#### [WORK REQUEST]
Pictures appear among the records below and must be omitted. Repeat exactly the lines from the line with "Eski şehir Krakow" to the line with "Ceramic Double Bowl Set With Wood Stand 0", both included.

#### [RECORDS FOR THE TASK]
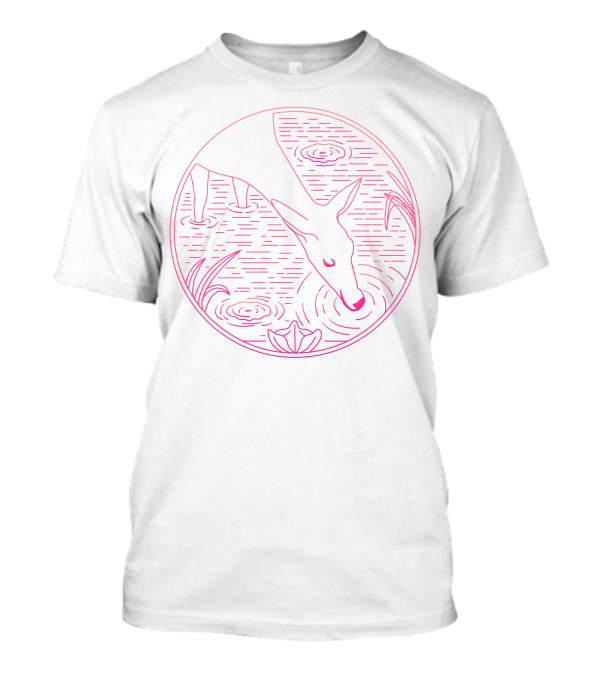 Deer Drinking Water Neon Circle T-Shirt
---
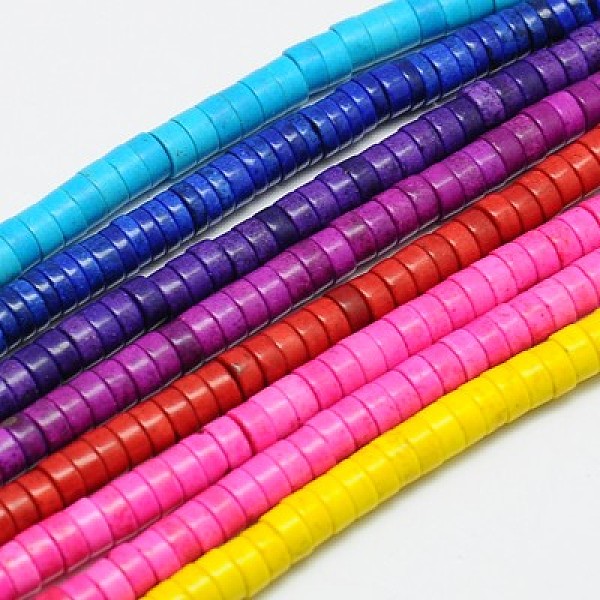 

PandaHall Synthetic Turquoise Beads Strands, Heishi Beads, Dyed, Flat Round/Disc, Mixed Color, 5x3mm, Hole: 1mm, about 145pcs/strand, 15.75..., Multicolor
* * *
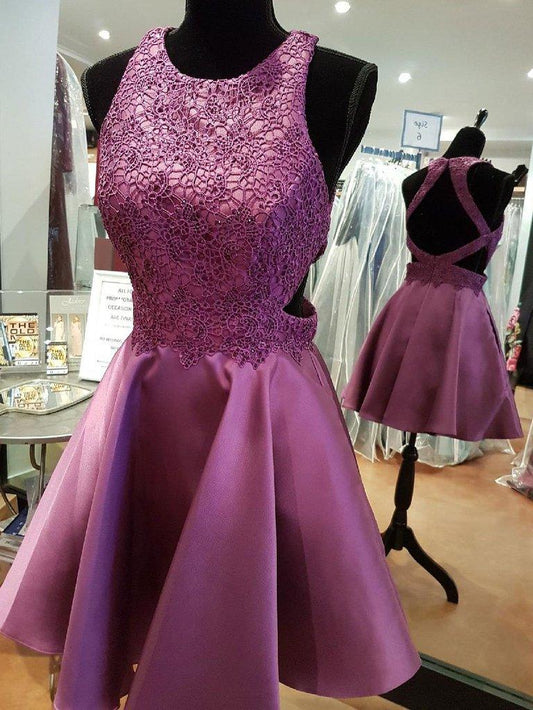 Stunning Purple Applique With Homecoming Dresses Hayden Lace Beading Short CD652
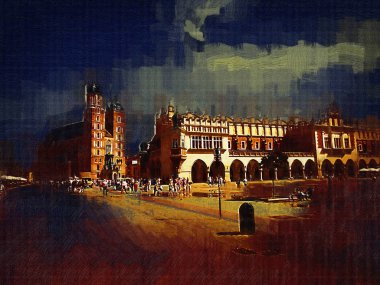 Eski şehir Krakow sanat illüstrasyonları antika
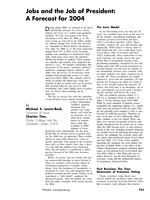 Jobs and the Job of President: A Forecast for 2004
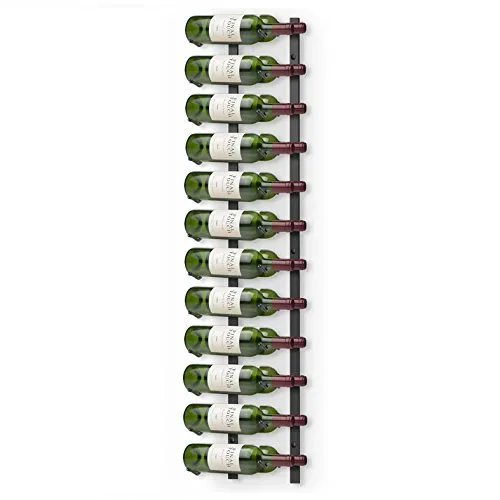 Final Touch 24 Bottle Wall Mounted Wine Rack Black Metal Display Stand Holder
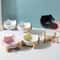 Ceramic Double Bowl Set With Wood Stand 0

#### [EXERCISE SOLUTION]
 Eski şehir Krakow sanat illüstrasyonları antika
 Jobs and the Job of President: A Forecast for 2004
 Final Touch 24 Bottle Wall Mounted Wine Rack Black Metal Display Stand Holder
 Ceramic Double Bowl Set With Wood Stand 0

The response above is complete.